_Directions:_
What is needed is a word-for-word restatement of all the entries.

_Study material:_

□ □ □ □ □ □ □

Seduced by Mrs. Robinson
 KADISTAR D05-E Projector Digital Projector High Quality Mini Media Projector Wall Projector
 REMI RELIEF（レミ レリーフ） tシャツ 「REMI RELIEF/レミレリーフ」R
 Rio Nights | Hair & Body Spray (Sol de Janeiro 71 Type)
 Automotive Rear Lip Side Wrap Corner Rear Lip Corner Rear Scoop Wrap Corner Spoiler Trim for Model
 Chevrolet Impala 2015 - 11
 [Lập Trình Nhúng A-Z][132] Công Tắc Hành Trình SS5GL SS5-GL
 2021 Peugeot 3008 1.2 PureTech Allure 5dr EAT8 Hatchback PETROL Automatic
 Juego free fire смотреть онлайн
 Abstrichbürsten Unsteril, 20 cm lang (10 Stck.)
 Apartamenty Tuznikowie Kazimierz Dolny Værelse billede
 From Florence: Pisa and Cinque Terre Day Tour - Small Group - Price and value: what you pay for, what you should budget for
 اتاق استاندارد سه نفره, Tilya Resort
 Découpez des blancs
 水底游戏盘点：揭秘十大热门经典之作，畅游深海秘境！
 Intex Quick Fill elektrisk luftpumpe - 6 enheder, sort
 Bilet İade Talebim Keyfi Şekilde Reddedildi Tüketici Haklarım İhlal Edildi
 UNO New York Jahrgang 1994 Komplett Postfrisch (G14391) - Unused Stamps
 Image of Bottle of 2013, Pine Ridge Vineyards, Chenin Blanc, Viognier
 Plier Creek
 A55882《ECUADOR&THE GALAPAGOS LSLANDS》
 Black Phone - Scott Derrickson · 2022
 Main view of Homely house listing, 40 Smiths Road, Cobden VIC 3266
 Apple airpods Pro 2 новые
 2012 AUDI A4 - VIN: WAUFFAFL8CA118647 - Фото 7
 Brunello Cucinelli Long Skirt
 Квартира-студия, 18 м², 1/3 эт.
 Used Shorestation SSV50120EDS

□ □ □ □ □ □ □

_Task answer:_
Seduced by Mrs. Robinson
 KADISTAR D05-E Projector Digital Projector High Quality Mini Media Projector Wall Projector
 REMI RELIEF（レミ レリーフ） tシャツ 「REMI RELIEF/レミレリーフ」R
 Rio Nights | Hair & Body Spray (Sol de Janeiro 71 Type)
 Automotive Rear Lip Side Wrap Corner Rear Lip Corner Rear Scoop Wrap Corner Spoiler Trim for Model
 Chevrolet Impala 2015 - 11
 [Lập Trình Nhúng A-Z][132] Công Tắc Hành Trình SS5GL SS5-GL
 2021 Peugeot 3008 1.2 PureTech Allure 5dr EAT8 Hatchback PETROL Automatic
 Juego free fire смотреть онлайн
 Abstrichbürsten Unsteril, 20 cm lang (10 Stck.)
 Apartamenty Tuznikowie Kazimierz Dolny Værelse billede
 From Florence: Pisa and Cinque Terre Day Tour - Small Group - Price and value: what you pay for, what you should budget for
 اتاق استاندارد سه نفره, Tilya Resort
 Découpez des blancs
 水底游戏盘点：揭秘十大热门经典之作，畅游深海秘境！
 Intex Quick Fill elektrisk luftpumpe - 6 enheder, sort
 Bilet İade Talebim Keyfi Şekilde Reddedildi Tüketici Haklarım İhlal Edildi
 UNO New York Jahrgang 1994 Komplett Postfrisch (G14391) - Unused Stamps
 Image of Bottle of 2013, Pine Ridge Vineyards, Chenin Blanc, Viognier
 Plier Creek
 A55882《ECUADOR&THE GALAPAGOS LSLANDS》
 Black Phone - Scott Derrickson · 2022
 Main view of Homely house listing, 40 Smiths Road, Cobden VIC 3266
 Apple airpods Pro 2 новые
 2012 AUDI A4 - VIN: WAUFFAFL8CA118647 - Фото 7
 Brunello Cucinelli Long Skirt
 Квартира-студия, 18 м², 1/3 эт.
 Used Shorestation SSV50120EDS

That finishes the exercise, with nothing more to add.